China 'social credit': Beijing sets up huge system - dynofuz
https://www.bbc.com/news/world-asia-china-34592186
======
nabla9
Its huge social experiment. Beijing probably thinks there is no risk for them,
you can just modify the system until it works or end it if it goes bad. But
messing with social order can have unforeseen consequences.

I can see at least three scenarios:

1\. It eventually works well and cements the power structures. Those in power
can't get low scores. Wast majority of population aligns their behaviour with
the incentives provided by the credit. Effective caste system emerges.

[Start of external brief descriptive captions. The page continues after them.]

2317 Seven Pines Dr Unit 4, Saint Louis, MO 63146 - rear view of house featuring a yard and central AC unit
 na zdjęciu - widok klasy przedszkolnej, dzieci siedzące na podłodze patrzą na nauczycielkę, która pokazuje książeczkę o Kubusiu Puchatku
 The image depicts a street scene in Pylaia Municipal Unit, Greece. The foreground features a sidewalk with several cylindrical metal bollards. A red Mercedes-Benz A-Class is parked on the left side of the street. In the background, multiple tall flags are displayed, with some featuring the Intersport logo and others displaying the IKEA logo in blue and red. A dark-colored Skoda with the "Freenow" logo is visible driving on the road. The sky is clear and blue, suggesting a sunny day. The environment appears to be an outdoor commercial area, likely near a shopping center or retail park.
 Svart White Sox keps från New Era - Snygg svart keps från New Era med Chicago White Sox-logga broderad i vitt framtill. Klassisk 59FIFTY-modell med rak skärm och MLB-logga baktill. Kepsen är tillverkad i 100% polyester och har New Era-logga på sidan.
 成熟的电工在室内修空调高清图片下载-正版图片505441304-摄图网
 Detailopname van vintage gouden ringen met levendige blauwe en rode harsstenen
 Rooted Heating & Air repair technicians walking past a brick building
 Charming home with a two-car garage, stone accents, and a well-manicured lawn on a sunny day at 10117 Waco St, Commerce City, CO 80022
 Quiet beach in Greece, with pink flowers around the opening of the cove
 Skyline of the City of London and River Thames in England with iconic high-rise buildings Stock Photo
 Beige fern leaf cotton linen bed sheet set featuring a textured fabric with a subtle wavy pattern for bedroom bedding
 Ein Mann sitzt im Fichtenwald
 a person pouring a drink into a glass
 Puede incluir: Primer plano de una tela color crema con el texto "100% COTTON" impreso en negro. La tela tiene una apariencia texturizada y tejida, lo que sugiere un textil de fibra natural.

2\. It somewhat works but people eventually hack around it and corrupt it.
Social credit becomes the new center of corruption that weakens Beijing. Shady
people get ahead faster than before.

3\. There is a sudden blowback that is too fast to counter and is spreads
trough the whole nation. For example: Too many people are forbidden from
traveling during the new year to their families. They and their families
protest and that lowers their credit even more. Angry people start to push
back and Bejing loses control...

------
mtgx
If this system is not criticized more, countries will soon begin to look at it
with envy, regardless of whether or not they think it will be a positive
addition to their societies, but primarily because it will be a great way to
_control_ those societies. So if their people don't attack it, they might see
it as an invitation to implement it at home, too.